• REQUIRED WORK
In the entries that follow, find the line containing "image for 16 inch WHEEL + TYRE", then output exactly every line from the first through that one.

(Short text fragments from websites)
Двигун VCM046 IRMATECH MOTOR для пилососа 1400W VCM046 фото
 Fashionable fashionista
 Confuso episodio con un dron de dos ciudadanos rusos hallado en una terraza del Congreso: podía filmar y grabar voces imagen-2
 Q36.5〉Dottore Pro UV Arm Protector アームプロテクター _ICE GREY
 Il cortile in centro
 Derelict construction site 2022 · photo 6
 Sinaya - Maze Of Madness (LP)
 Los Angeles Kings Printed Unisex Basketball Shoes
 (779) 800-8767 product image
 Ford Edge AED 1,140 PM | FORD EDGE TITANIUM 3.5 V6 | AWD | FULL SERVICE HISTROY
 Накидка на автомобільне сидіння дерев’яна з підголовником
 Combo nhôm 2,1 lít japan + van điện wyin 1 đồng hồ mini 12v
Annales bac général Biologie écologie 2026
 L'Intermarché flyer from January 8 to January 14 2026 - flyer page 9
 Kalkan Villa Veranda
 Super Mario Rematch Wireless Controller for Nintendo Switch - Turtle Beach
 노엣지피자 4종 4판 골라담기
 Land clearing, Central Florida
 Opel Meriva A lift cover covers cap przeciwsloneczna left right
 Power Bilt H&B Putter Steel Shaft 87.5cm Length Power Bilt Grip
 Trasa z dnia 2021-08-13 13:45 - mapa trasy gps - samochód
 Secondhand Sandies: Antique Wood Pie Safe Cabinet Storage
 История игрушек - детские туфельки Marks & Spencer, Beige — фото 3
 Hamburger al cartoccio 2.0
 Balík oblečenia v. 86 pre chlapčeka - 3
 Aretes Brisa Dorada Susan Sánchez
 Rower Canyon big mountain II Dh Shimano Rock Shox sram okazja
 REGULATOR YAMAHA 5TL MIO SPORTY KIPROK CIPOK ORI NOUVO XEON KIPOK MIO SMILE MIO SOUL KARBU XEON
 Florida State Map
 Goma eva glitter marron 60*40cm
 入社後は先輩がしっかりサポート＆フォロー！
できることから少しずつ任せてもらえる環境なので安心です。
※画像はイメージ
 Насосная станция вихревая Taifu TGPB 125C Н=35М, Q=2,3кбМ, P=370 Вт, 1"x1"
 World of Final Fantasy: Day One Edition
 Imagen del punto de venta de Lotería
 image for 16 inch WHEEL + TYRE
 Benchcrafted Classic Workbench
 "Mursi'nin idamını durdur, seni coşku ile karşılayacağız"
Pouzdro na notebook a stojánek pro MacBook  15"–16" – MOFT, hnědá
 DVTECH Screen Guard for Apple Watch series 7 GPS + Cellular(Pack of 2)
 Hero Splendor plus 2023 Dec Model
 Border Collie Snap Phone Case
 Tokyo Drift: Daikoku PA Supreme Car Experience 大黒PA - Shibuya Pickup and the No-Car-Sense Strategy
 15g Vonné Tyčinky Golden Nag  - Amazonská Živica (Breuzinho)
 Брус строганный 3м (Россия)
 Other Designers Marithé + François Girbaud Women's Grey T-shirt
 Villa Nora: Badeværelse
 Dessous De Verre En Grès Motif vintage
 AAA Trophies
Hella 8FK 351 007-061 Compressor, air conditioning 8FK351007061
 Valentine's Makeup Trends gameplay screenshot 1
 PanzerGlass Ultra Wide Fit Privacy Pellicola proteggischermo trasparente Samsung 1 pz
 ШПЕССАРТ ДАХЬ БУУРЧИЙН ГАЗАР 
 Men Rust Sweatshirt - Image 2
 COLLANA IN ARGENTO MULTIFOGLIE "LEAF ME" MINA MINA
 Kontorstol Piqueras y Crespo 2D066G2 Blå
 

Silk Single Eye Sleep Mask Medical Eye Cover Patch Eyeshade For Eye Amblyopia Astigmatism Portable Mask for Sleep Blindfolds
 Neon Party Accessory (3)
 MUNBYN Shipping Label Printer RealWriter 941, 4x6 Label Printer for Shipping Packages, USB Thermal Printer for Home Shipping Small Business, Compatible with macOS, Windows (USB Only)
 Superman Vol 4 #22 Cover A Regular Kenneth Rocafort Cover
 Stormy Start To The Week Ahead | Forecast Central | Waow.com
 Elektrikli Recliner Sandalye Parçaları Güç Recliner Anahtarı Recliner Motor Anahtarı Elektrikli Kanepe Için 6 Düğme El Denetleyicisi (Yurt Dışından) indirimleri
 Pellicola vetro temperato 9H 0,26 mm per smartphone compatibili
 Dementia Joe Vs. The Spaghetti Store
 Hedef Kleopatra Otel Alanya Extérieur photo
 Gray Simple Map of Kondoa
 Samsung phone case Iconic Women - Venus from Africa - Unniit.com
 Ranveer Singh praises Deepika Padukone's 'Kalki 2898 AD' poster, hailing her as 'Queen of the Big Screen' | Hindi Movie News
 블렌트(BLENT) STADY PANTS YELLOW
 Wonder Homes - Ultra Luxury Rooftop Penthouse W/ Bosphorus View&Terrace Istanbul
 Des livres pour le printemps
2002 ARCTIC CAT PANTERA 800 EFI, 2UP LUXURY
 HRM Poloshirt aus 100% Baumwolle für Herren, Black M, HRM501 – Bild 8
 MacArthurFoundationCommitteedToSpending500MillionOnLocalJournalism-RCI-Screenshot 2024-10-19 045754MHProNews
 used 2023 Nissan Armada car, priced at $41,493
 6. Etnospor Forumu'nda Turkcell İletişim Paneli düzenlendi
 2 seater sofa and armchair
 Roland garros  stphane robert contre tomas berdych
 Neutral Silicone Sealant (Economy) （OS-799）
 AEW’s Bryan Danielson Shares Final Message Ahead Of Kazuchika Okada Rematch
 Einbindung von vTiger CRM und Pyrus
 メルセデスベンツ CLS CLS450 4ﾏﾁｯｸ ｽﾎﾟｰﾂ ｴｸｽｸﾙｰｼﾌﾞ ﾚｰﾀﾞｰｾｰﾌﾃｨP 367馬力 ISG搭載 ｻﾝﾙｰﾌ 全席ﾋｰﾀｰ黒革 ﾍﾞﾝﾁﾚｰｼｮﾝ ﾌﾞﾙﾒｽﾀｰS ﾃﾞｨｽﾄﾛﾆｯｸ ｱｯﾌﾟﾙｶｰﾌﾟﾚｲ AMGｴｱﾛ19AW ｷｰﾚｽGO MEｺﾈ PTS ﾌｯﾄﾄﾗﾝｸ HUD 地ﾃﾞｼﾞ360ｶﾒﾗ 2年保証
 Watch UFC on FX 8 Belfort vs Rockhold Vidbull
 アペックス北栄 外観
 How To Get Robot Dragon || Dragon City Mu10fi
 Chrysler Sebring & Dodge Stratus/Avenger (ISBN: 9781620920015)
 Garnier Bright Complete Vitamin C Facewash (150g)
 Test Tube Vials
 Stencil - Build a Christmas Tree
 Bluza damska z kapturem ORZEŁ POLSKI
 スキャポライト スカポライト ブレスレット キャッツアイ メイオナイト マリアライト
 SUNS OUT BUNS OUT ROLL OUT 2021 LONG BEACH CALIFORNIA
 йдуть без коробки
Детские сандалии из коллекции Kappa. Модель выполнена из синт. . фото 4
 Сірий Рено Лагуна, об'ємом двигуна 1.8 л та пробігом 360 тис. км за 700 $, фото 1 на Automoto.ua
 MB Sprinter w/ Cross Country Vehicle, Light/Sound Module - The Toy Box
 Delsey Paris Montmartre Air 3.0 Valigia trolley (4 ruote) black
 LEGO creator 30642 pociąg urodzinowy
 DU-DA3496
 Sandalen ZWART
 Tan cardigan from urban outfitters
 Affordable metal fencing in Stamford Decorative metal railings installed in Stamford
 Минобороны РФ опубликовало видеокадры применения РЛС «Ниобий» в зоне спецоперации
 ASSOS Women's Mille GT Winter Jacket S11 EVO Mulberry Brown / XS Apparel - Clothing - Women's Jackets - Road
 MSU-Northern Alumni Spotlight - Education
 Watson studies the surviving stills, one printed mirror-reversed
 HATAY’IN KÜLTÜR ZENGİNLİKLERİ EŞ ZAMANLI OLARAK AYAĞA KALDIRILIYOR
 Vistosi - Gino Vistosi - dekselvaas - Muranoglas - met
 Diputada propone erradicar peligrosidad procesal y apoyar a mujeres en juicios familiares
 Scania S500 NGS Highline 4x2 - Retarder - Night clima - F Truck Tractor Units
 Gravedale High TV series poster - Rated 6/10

• RESPONSE TO THIS EXERCISE
Двигун VCM046 IRMATECH MOTOR для пилососа 1400W VCM046 фото
 Fashionable fashionista
 Confuso episodio con un dron de dos ciudadanos rusos hallado en una terraza del Congreso: podía filmar y grabar voces imagen-2
 Q36.5〉Dottore Pro UV Arm Protector アームプロテクター _ICE GREY
 Il cortile in centro
 Derelict construction site 2022 · photo 6
 Sinaya - Maze Of Madness (LP)
 Los Angeles Kings Printed Unisex Basketball Shoes
 (779) 800-8767 product image
 Ford Edge AED 1,140 PM | FORD EDGE TITANIUM 3.5 V6 | AWD | FULL SERVICE HISTROY
 Накидка на автомобільне сидіння дерев’яна з підголовником
 Combo nhôm 2,1 lít japan + van điện wyin 1 đồng hồ mini 12v
Annales bac général Biologie écologie 2026
 L'Intermarché flyer from January 8 to January 14 2026 - flyer page 9
 Kalkan Villa Veranda
 Super Mario Rematch Wireless Controller for Nintendo Switch - Turtle Beach
 노엣지피자 4종 4판 골라담기
 Land clearing, Central Florida
 Opel Meriva A lift cover covers cap przeciwsloneczna left right
 Power Bilt H&B Putter Steel Shaft 87.5cm Length Power Bilt Grip
 Trasa z dnia 2021-08-13 13:45 - mapa trasy gps - samochód
 Secondhand Sandies: Antique Wood Pie Safe Cabinet Storage
 История игрушек - детские туфельки Marks & Spencer, Beige — фото 3
 Hamburger al cartoccio 2.0
 Balík oblečenia v. 86 pre chlapčeka - 3
 Aretes Brisa Dorada Susan Sánchez
 Rower Canyon big mountain II Dh Shimano Rock Shox sram okazja
 REGULATOR YAMAHA 5TL MIO SPORTY KIPROK CIPOK ORI NOUVO XEON KIPOK MIO SMILE MIO SOUL KARBU XEON
 Florida State Map
 Goma eva glitter marron 60*40cm
 入社後は先輩がしっかりサポート＆フォロー！
できることから少しずつ任せてもらえる環境なので安心です。
※画像はイメージ
 Насосная станция вихревая Taifu TGPB 125C Н=35М, Q=2,3кбМ, P=370 Вт, 1"x1"
 World of Final Fantasy: Day One Edition
 Imagen del punto de venta de Lotería
 image for 16 inch WHEEL + TYRE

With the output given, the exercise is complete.